Here's how I suggest setting up targeting:
Use a Regular Expression Match: .*qispackaging.com.au\/Product\/.*\/.*
This will ensure that the experiment runs on any page that follows the URL structure:[anything]ispackaging.com.au/Product/[anything]/[anything]. But, it will not run on the category pages due to the missing content detailing the specific product (the final /[anything] ). For additional help on Regular Expressions, I like to use http://rubular.com/
Product page example:
Category page example:
Let me know if you have any questions!
It looks good to me! I double checked your targeting and confirmed it's running on the correct pages. The button text also changes on the "read more" pages as well which seems correct.
However, there is at least one URL that doesn't follow the structure as outlined above: http://www.qispackaging.com.au/Product/Heat-Sealer
If you have dev resources or can add snippets of code to your page, you should check out the custom tag targeting. This will make it easy for you to isolate page types.
Since you're new to Optimizely and A/B testing, I strongly recommend the Academy as a place to start. There are some wonderful tutorials and hands-on activities.
Just a quick question , out of all the categories that we have , how did you find that particular one was not working ??
Regex and targetting can often be a bit of a minefield.
I always find it useful to pull out a report from Google Analytics with all traffic'd pages on the site and check my rules against that list just to be sure we are not targetting the wrong pages as this can often skew your results.
We're having a similar problem. Can you please explain how including pages that don't have the element we're testing will skew results? Can we still run the test and trust the results?
We don't have a lot of experience writing regular expressions. We're hoping to launch the test in next few hours.
@Gina123 - It will skew your results because your visitor count for the experiment will increase every time a unique visitor hits a page targeted by your experiment. So, if your visitors are landing on pages that do not have the element, then the visitor count increases, but the conversion rate will not increase since the visitor is not technically seeing any changes to the page. Does that make sense?

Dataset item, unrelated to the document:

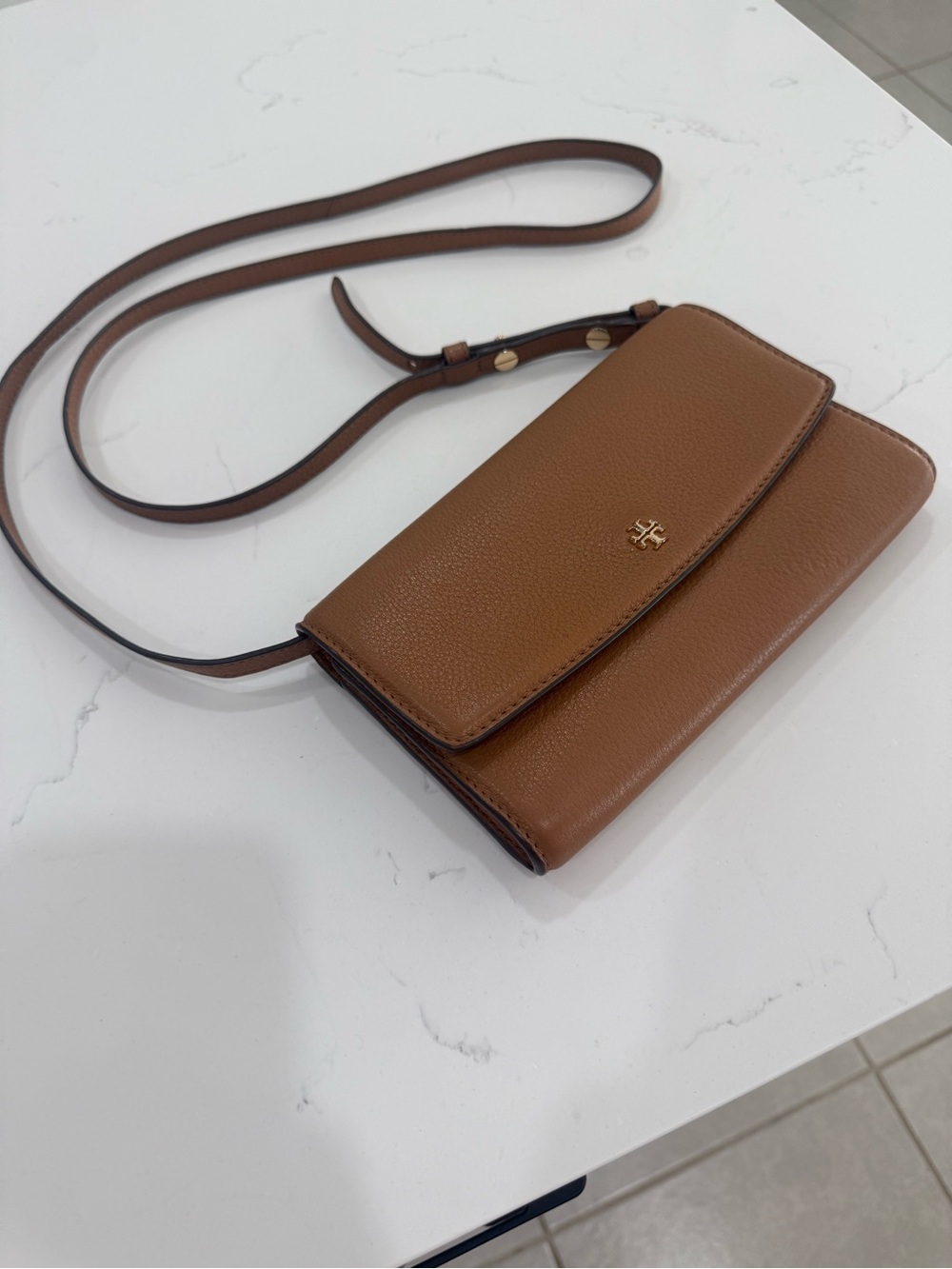 Tory Burch Tan Pebbled Leather Crossbody Wallet Gold Logo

I'm sure that I can help point you in the right direction for regular expressions or alternate targeting structure. Can you post an example of the pages for which you are hoping to run an experiment?
Hi @Gina123 , as long as you recognize that unique visitors will be high, then you are okay. You are right in that the effect will be the equal for all variations. Let me know if you have additional questions
I would suggest that this is a much riskier way of testing and I certainly would not recommend taking this approach without knowing what traffic levels you get and how that traffic is distributed across the pages that will be affected by this test.
I do feel that custom targetting is one of the areas that is lacking in Optimizley and I often look at ways I can get around it on a test by test basis.
My main problem was that the element I'm testing only appears on some of the pages I'm URL targeting. It would be difficult to identify all of the regular expressions where the element does and does not appear.
Optimizely helped me focus the test using Conditional Activation. So now the test only tracks visits to pages where the element-in-question appears. Problem solved!